I'm active on Coursera - currently taking Game Theory II. Other courses that just started but look interesting include Cryptography, Computational Molecular Evolution, and Information Theory. I'm up to try one of those or any other quantitative course that looks interesting with a study partner.
Also, I have a decent background in data science/machine learning through Coursera courses but not much practical experience. If anyone wants to partner for either a competition (something like Kaggle) or to analyze a real data set, I'd be happy to work on that.
I quit the Coursera information theory one because it was presented so drably and gave very little high level insight into what was going on. It was essentially just the guy reading from the textbook. It's all the things wrong with traditional teaching with none of the benefits of MOOCs (aside from the forums).

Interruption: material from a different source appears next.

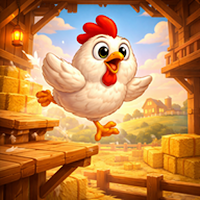 Chicken Road 2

I'm currently working my way through these lectures. The instructor is engaging, and actually explains what it is we're doing and why we ought to care. I'd be on board with working through them together!
For reasons mentioned in So8res article as well as for other reasons: studying with a partner can be very good. In November, Adele_L had posted an article for people wanting to find a study partner. It got 17 comments, but only 1 since November 16th. So I thought we (I) should make a monthly thread on this instead of constantly going back to an old article which people might (seem to) forget about. If people seem to agree with that, I will make a post about it every month.
So if you're looking for a study partner for an online course or reading a manual (whether it's in the MIRI course list or not) tell others in the comment section.